Juste quelques hypothèses  à propos de ce choix. Il me semble qu’il faut éliminer celle de la provocation. Restent l’aveuglement, ou l’inconscience, mais alors  très largement partagés , car l’élaboration des sujets comporte  trois étapes  au moins : leur conception  (par des  professeurs), le  choix du sujet parmi ceux qui ont été produits  (par  les inspecteurs), et chaque sujet est enfin  testé, expérimenté (par un groupe de professeurs). Sans compter plusieurs relectures et corrections. La décision finale appartient aux inspecteurs. Ce qui suppose que plus d’une vingtaine de personnes confrontées au sujet n’ont pas vu ou voulu voir qu’il pouvait poser un problème. De plus, il pouvait être facilement amendé si on s’en était aperçu, même tardivement : puisqu’il s’agissait d’un corpus sur des portraits de « monstres », bien d’autres textes étaient possibles (sur   la créature de  Frankenstein ,  l’abbé de  L’Ensorcelée de Barbey d’Aurevilly, ou  Quasimodo…), par lesquels on aurait pu  remplacer celui d’Albert Cohen.

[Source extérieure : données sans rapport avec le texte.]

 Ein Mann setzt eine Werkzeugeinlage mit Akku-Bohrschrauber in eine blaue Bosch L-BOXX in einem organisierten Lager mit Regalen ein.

Les élèves, ces êtres abstraits...

Innocence ?Inconscience ? Indifférence ? J’y vois un  symptôme de la façon dont on considère l’enseignement de la  littérature aujourd’hui. Formellement, le sujet était très bien fait. On demandait aux élèves de parler de la  technique du portrait,  des champs lexicaux, des  procédés littéraires (vocabulaire péjoratif, hyperboles et autres tropes). Une question portait sur les effets produits par l’ensemble de ces portraits  sur le lecteur, ce qu’on appelle les registres des textes. Le corrigé indique : le rire, la pitié, la peur, la fascination. Il s’agit donc des bonnes réponses attendues. Pourtant  dans une des copies tests qu’on nous a demandé de noter, une autre chose, déjà inattendue,  l’épicaricatie ou en allemand schadenfreude, (la chose est banale, même si le mot ne l’est pas ): « On est content de ne pas être comme ça ».

Ce que certains élèves  ont pu ressentir d’autre, et penser, les effets de sens que ce texte a pu produire, n’a au fond aucune espèce d’importance pour l’institution, relève simplement de la mauvaise réponse. L’école - en tout cas telle qu'elle se présente dans cette affaire et pour les concepteurs d'un tel sujet - ne concerne pas des personnes, autrement dit des sujets, seulement des élèves, c’est-à-dire des êtres abstraits. Qui ne vivent pas dans le monde de l’actualité, qui flottent dans un temps pur, sans élections ni faits divers.

Un dernier mot : ce juif aux pieds sales traînant sa voiturette (on pourrait dire : son caddy ) fait étrangement penser à la figure-cliché du  Rom.